Department of Medical Statistics, London School of Hygiene and Tropical Medicine, London, UK.
Department of Biostatistics, Epidemiology, and Informatics, University of Pennsylvania Perelman School of Medicine, Philadelphia, Pennsylvania, USA.
Stat Med. 2020 Jul 20;39(16):2197-2231. doi: 10.1002/sim.8532. Epub 2020 Apr 3.
Measurement error and misclassification of variables frequently occur in epidemiology and involve variables important to public health. Their presence can impact strongly on results of statistical analyses involving such variables. However, investigators commonly fail to pay attention to biases resulting from such mismeasurement. We provide, in two parts, an overview of the types of error that occur, their impacts on analytic results, and statistical methods to mitigate the biases that they cause. In this first part, we review different types of measurement error and misclassification, emphasizing the classical, linear, and Berkson models, and on the concepts of nondifferential and differential error. We describe the impacts of these types of error in covariates and in outcome variables on various analyses, including estimation and testing in regression models and estimating distributions. We outline types of ancillary studies required to provide information about such errors and discuss the implications of covariate measurement error for study design. Methods for ascertaining sample size requirements are outlined, both for ancillary studies designed to provide information about measurement error and for main studies where the exposure of interest is measured with error. We describe two of the simpler methods, regression calibration and simulation extrapolation (SIMEX), that adjust for bias in regression coefficients caused by measurement error in continuous covariates, and illustrate their use through examples drawn from the Observing Protein and Energy (OPEN) dietary validation study. Finally, we review software available for implementing these methods. The second part of the article deals with more advanced topics.

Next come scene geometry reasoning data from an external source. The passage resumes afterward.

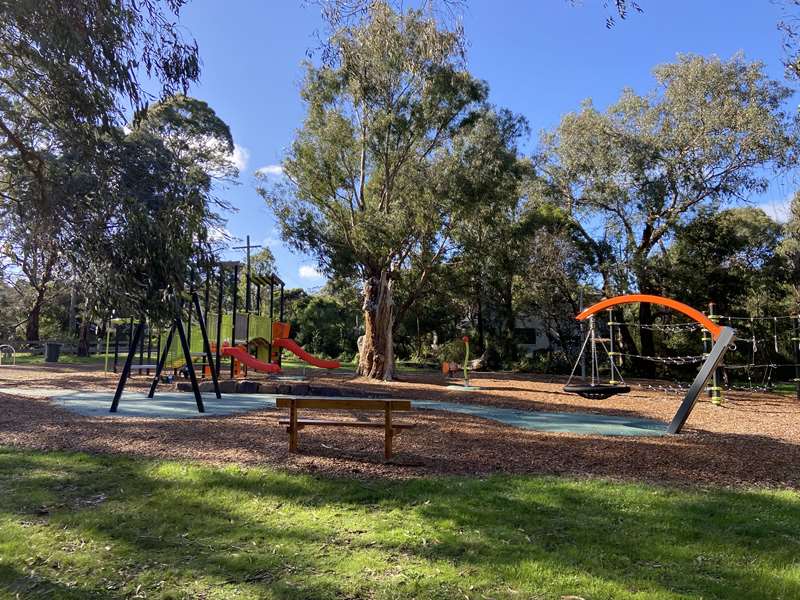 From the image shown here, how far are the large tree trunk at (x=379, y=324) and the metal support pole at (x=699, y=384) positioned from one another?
10497 mm

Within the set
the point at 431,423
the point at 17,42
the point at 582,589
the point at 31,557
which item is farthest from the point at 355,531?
the point at 17,42

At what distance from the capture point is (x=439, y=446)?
6.86 metres

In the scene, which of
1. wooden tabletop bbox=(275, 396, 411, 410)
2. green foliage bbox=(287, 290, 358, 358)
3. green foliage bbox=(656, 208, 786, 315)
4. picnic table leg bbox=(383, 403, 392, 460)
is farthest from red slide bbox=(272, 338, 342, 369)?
green foliage bbox=(287, 290, 358, 358)

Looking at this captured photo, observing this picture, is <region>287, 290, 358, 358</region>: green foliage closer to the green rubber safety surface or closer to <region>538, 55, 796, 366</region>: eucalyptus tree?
<region>538, 55, 796, 366</region>: eucalyptus tree

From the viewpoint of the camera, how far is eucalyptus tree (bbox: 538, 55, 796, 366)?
19.6 meters

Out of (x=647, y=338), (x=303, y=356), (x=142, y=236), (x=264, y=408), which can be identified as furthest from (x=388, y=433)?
(x=647, y=338)

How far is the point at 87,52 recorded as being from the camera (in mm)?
5875

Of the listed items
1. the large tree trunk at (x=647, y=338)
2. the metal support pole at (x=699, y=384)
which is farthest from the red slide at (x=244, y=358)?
the large tree trunk at (x=647, y=338)

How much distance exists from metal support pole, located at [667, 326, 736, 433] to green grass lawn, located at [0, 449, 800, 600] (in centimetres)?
369

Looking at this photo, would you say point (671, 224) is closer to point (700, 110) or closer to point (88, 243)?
point (700, 110)

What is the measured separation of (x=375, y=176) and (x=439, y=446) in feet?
45.2

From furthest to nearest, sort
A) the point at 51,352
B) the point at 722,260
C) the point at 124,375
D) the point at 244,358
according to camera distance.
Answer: the point at 51,352
the point at 722,260
the point at 244,358
the point at 124,375

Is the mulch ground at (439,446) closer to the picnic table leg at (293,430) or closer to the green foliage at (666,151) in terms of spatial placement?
the picnic table leg at (293,430)

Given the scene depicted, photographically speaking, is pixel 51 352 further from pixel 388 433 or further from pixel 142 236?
pixel 388 433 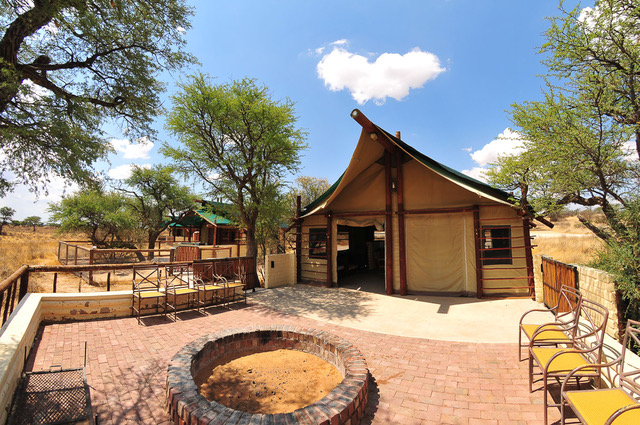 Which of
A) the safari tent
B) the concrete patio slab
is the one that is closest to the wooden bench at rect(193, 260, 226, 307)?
the concrete patio slab

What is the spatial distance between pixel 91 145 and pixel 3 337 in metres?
3.10

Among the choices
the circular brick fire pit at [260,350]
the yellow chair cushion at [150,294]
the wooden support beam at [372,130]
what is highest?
the wooden support beam at [372,130]

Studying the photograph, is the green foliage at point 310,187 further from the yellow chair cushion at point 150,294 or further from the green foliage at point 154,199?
the yellow chair cushion at point 150,294

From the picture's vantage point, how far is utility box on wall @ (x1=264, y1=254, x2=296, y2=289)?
983 cm

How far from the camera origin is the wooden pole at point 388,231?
8.68m

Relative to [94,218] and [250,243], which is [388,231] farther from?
[94,218]

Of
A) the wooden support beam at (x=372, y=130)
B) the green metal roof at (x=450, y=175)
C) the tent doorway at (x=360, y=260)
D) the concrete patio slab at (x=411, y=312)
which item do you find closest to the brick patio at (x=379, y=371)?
the concrete patio slab at (x=411, y=312)

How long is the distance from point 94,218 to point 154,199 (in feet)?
15.1

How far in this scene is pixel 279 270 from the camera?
1014 cm

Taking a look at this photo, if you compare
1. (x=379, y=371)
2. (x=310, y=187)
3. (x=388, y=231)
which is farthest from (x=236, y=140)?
(x=310, y=187)

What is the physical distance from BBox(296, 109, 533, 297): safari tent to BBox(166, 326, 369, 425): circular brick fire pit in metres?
4.98

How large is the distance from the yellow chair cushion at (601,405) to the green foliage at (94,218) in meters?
24.1

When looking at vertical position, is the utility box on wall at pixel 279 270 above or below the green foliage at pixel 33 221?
below

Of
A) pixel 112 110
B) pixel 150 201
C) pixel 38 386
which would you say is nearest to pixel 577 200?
pixel 38 386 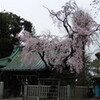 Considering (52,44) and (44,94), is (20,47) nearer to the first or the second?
(52,44)

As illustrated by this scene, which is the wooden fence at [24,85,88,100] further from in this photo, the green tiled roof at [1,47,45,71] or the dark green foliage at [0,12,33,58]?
the dark green foliage at [0,12,33,58]

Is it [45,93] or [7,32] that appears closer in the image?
[45,93]

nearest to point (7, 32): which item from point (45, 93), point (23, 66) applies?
point (23, 66)

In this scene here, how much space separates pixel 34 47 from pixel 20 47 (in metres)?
8.31

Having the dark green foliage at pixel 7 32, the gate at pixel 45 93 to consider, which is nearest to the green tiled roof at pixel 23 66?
the gate at pixel 45 93

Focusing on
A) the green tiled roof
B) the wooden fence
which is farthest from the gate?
the green tiled roof

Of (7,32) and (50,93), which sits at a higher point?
(7,32)

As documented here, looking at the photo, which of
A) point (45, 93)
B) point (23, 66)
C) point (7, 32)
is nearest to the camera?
point (45, 93)

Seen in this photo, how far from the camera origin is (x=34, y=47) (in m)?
Result: 29.0

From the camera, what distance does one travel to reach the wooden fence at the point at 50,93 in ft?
81.5

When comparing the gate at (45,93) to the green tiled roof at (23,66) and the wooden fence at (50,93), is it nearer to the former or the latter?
the wooden fence at (50,93)

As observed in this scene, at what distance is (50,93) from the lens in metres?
25.4

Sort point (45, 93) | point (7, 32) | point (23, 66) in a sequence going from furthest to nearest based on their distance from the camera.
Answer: point (7, 32) → point (23, 66) → point (45, 93)

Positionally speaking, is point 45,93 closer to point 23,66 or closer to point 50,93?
point 50,93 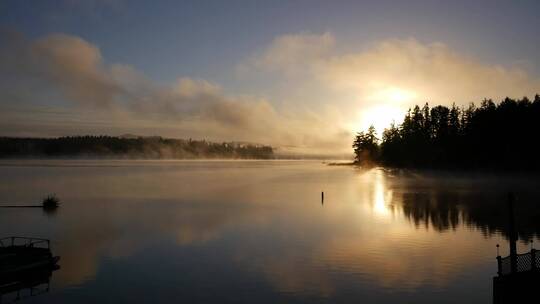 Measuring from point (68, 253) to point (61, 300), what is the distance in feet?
43.4

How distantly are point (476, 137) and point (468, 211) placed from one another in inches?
3754

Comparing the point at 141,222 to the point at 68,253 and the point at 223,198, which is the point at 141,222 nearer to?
the point at 68,253

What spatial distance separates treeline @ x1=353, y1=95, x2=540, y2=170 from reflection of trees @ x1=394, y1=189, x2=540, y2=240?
6001cm

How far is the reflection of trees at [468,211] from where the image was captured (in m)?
49.6

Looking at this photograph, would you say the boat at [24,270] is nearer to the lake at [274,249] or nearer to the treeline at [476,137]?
the lake at [274,249]

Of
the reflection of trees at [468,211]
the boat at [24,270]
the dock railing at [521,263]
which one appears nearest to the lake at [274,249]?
the reflection of trees at [468,211]

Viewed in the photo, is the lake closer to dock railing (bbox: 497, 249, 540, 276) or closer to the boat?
the boat

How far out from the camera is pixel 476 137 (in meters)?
147

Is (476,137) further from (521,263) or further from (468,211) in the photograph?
(521,263)

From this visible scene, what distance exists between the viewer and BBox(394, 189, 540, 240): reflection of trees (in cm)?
4962

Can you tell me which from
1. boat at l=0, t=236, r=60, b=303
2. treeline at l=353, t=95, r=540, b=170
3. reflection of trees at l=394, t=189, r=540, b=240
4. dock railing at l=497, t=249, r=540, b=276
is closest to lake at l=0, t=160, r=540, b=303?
reflection of trees at l=394, t=189, r=540, b=240

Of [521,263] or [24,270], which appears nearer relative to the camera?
[521,263]

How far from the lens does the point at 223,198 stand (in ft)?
289

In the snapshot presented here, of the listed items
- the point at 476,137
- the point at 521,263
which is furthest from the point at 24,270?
the point at 476,137
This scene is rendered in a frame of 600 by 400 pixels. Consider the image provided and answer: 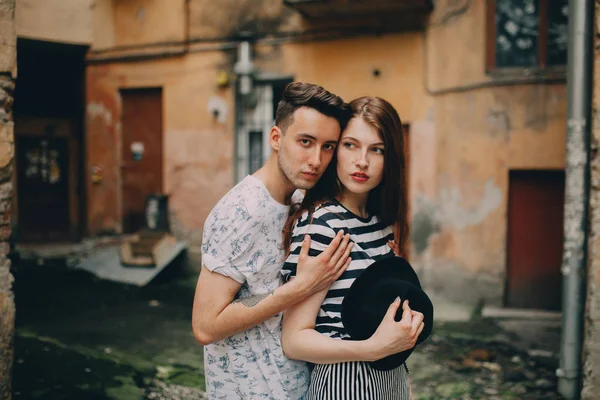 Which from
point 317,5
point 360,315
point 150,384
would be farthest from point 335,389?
point 317,5

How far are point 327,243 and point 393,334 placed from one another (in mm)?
395

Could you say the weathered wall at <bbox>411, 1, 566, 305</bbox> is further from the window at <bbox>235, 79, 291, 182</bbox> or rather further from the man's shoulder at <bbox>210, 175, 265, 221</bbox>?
the man's shoulder at <bbox>210, 175, 265, 221</bbox>

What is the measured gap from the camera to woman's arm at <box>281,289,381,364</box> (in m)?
2.04

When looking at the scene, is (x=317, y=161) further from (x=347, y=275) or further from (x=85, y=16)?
(x=85, y=16)

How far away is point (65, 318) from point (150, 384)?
2501 millimetres

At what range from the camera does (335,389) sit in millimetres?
2139

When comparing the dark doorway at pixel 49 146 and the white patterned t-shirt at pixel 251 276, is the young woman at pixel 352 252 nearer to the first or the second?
the white patterned t-shirt at pixel 251 276

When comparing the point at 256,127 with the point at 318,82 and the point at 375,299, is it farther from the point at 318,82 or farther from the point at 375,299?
the point at 375,299

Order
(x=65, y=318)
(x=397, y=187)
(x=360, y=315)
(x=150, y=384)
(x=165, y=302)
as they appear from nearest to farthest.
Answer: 1. (x=360, y=315)
2. (x=397, y=187)
3. (x=150, y=384)
4. (x=65, y=318)
5. (x=165, y=302)

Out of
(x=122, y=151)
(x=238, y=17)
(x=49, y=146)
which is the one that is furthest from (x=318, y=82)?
(x=49, y=146)

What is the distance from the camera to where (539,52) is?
786 cm

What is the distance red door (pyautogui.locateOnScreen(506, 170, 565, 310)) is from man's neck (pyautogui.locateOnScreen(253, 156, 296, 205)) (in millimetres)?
6538

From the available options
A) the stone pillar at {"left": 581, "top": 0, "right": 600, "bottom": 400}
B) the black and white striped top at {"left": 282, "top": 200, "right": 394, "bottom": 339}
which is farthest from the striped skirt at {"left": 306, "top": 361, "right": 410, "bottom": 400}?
the stone pillar at {"left": 581, "top": 0, "right": 600, "bottom": 400}

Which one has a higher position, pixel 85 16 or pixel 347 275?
pixel 85 16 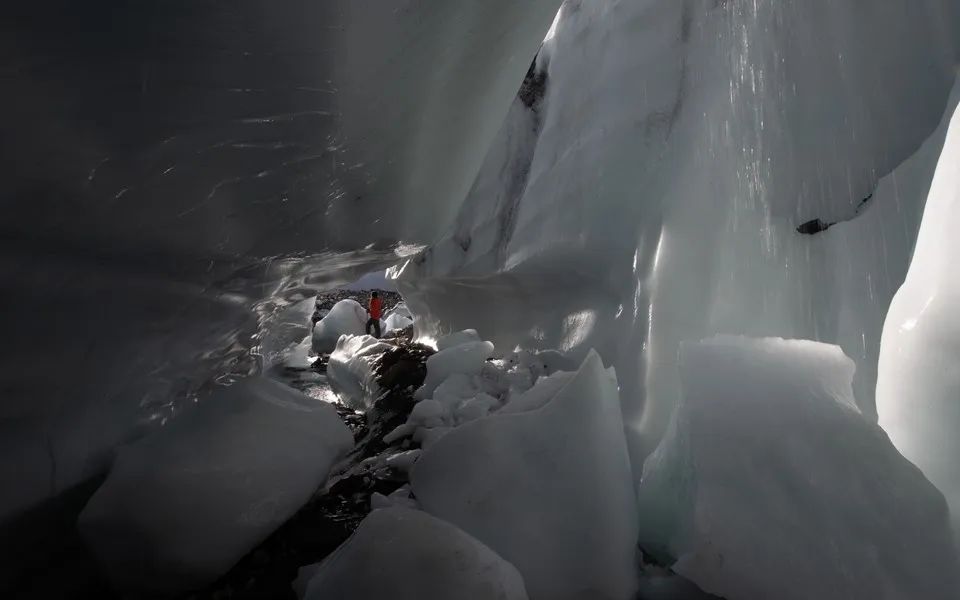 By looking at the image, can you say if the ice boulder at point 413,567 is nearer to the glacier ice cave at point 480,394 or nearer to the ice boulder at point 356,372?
the glacier ice cave at point 480,394

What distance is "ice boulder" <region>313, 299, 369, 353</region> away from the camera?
10508mm

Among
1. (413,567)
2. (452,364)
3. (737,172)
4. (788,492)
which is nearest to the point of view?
(413,567)

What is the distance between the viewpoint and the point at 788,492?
1620mm

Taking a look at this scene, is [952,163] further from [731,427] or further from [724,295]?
[731,427]

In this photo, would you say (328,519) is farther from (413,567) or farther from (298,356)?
(298,356)

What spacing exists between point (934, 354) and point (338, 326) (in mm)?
9849

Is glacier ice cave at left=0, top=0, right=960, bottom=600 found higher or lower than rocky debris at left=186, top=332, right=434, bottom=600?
higher

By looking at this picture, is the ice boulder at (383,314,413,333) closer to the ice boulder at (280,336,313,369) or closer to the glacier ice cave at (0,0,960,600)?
the ice boulder at (280,336,313,369)

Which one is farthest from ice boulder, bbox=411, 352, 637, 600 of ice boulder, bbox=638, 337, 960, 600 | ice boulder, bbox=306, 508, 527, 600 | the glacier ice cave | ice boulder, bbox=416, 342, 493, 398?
ice boulder, bbox=416, 342, 493, 398

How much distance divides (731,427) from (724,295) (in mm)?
1331

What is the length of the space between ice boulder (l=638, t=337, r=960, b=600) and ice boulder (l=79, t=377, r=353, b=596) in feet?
5.01

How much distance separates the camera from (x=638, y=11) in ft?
12.6

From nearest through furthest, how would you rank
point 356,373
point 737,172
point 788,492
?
point 788,492
point 737,172
point 356,373

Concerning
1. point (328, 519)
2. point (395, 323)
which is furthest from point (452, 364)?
point (395, 323) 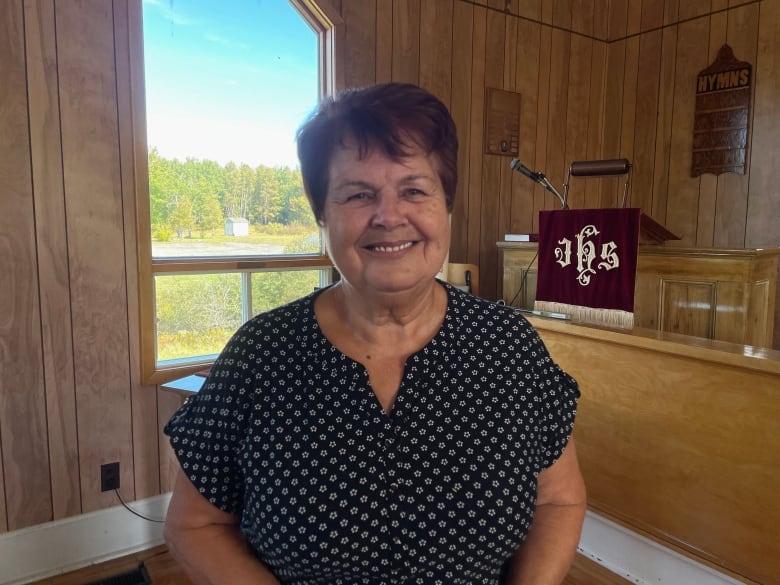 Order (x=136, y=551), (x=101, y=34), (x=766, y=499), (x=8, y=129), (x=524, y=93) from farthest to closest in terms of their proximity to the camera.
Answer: (x=524, y=93)
(x=136, y=551)
(x=101, y=34)
(x=8, y=129)
(x=766, y=499)

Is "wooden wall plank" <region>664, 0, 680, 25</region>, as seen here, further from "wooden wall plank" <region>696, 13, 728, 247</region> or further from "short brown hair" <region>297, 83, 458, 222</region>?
"short brown hair" <region>297, 83, 458, 222</region>

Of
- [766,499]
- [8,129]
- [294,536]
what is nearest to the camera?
[294,536]

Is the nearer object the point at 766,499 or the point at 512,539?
the point at 512,539

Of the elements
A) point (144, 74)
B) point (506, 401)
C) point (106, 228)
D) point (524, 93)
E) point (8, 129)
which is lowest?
point (506, 401)

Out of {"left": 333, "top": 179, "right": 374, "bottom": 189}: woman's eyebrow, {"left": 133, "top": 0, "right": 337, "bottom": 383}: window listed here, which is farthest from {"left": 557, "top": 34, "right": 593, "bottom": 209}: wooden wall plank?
{"left": 333, "top": 179, "right": 374, "bottom": 189}: woman's eyebrow

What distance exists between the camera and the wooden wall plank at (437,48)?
120 inches

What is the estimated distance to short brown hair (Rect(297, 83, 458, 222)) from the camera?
91 cm

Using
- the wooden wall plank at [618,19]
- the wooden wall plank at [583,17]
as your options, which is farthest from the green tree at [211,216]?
the wooden wall plank at [618,19]

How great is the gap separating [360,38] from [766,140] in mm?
2337

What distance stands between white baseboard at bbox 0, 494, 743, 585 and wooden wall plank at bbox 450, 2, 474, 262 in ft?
5.37

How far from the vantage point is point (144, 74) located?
226cm

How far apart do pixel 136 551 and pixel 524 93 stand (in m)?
3.17

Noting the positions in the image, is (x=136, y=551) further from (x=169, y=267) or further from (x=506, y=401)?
(x=506, y=401)

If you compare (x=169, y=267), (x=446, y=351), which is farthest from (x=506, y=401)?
(x=169, y=267) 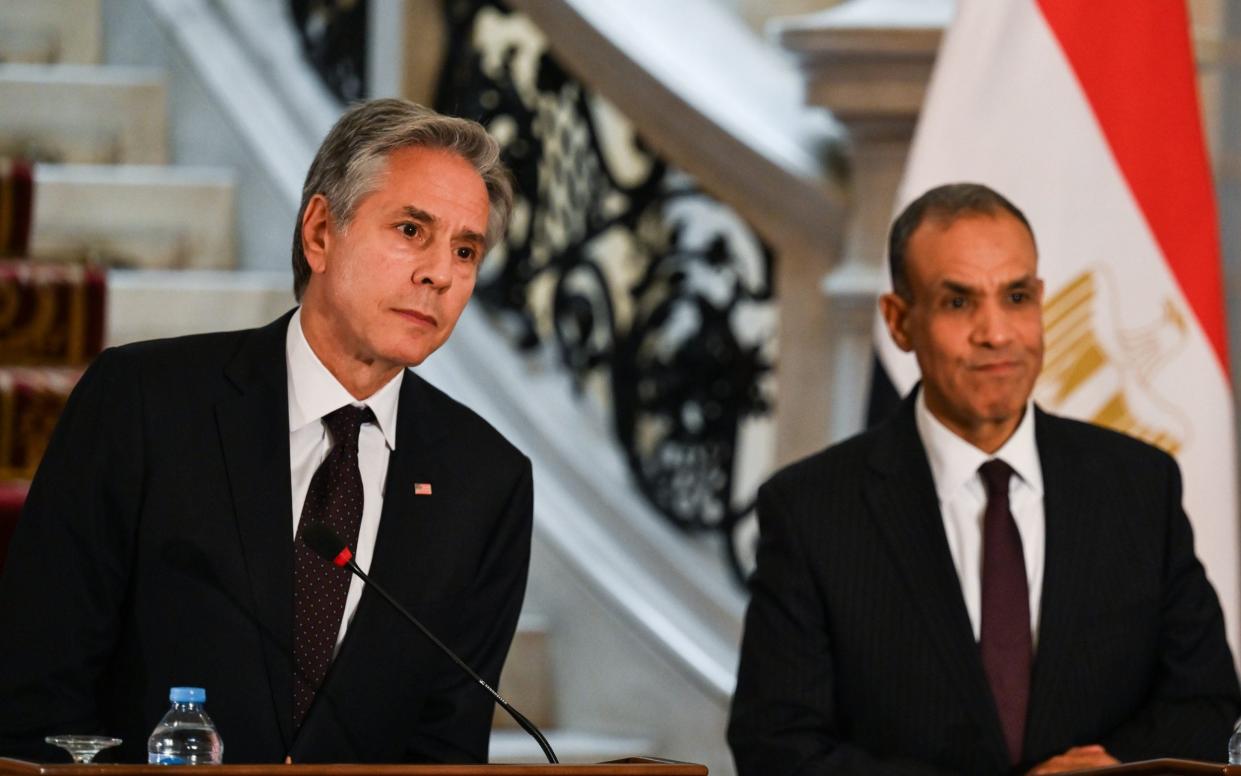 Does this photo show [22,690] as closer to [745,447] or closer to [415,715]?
[415,715]

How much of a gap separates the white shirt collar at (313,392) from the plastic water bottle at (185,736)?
0.54 meters

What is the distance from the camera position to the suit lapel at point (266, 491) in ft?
8.41

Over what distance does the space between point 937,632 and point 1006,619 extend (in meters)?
0.10

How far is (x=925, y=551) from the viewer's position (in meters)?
2.99

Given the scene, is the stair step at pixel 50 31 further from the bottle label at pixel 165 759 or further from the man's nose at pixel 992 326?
the bottle label at pixel 165 759

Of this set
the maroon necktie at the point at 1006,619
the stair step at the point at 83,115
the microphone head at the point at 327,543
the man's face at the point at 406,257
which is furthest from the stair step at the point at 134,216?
the microphone head at the point at 327,543

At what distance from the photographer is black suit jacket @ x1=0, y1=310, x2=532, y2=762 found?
251 centimetres

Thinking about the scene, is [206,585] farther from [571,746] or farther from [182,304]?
[182,304]

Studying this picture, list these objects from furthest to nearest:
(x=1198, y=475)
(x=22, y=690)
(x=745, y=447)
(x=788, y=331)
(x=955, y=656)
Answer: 1. (x=745, y=447)
2. (x=788, y=331)
3. (x=1198, y=475)
4. (x=955, y=656)
5. (x=22, y=690)

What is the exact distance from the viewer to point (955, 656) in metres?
2.90

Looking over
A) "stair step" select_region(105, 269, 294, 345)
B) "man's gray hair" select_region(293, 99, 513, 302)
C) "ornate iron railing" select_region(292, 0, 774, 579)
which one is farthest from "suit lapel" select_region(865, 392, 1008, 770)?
"stair step" select_region(105, 269, 294, 345)

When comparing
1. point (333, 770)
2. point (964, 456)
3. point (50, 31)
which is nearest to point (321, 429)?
point (333, 770)

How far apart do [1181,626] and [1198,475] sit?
768 millimetres

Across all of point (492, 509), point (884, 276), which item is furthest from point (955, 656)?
point (884, 276) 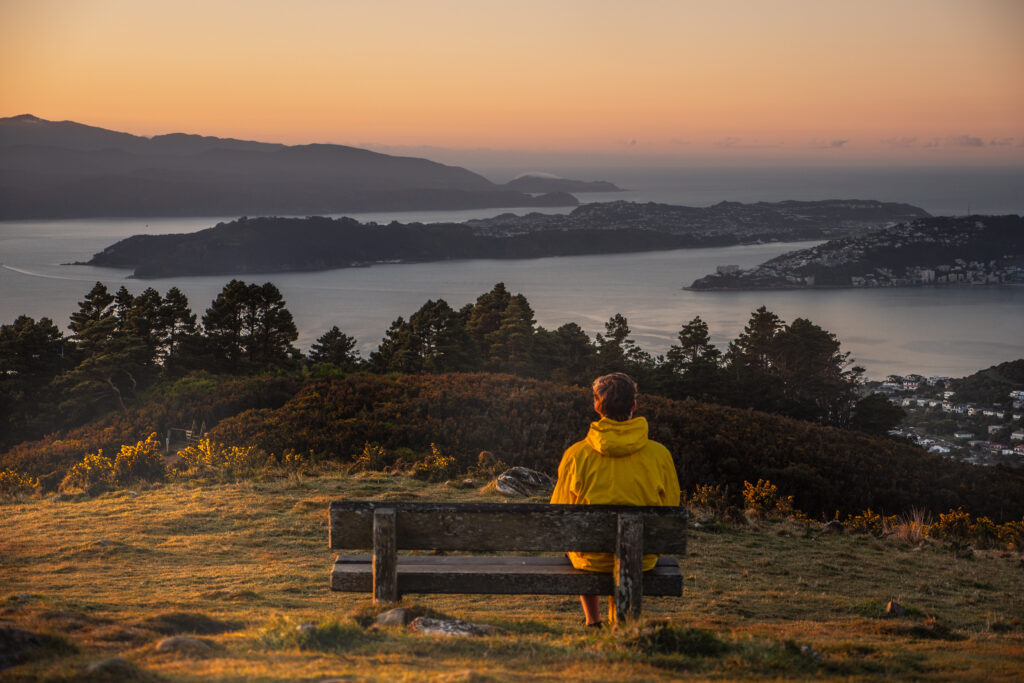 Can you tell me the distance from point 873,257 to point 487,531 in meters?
126

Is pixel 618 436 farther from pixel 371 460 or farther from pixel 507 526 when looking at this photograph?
pixel 371 460

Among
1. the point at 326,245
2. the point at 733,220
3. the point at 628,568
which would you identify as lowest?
the point at 628,568

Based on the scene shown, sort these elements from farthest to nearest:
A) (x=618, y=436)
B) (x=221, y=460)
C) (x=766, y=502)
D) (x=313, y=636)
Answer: (x=221, y=460)
(x=766, y=502)
(x=618, y=436)
(x=313, y=636)

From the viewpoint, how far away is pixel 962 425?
1491 inches

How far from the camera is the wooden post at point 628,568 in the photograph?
4.16 m

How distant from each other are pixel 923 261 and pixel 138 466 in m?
126

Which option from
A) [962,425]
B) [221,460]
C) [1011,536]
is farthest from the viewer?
[962,425]

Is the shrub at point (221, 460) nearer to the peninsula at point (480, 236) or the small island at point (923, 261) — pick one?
the small island at point (923, 261)

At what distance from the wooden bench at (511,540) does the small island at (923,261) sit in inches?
4245

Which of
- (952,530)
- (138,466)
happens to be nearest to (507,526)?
(952,530)

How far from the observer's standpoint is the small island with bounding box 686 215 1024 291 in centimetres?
11131

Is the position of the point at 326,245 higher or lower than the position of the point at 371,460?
higher

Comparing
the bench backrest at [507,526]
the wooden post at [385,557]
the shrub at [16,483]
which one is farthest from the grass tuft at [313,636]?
the shrub at [16,483]

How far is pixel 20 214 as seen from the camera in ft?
471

在流行病学中,变量的测量误差和分类错误经常发生,并且涉及对公共卫生很重要的变量。它们的存在会强烈影响涉及这些变量的统计分析结果。然而,研究人员通常没有注意到由于这种测量误差而导致的偏差。我们分两部分概述了发生的误差类型、它们对分析结果的影响以及用于减轻它们引起的偏差的统计方法。在这第一部分中,我们回顾了不同类型的测量误差和分类错误,重点介绍了经典、线性和 Berkson 模型,以及非差异和差异误差的概念。我们描述了这些类型的误差在协变量和结局变量中对各种分析的影响,包括回归模型中的估计和检验以及分布的估计。我们概述了需要提供有关此类误差信息的辅助研究类型,并讨论了协变量测量误差对研究设计的影响。概述了用于确定辅助研究和主要研究所需样本量的方法,这些研究旨在提供有关测量误差的信息,并且感兴趣的暴露是有误差的测量。我们描述了两种更简单的方法,回归校准和模拟外推(SIMEX),它们可以校正连续协变量测量误差引起的回归系数偏差,并通过从观察蛋白质和能量(OPEN)饮食验证研究中提取的示例说明其用法。最后,我们回顾了可用于实施这些方法的软件。文章的第二部分涉及更高级的主题。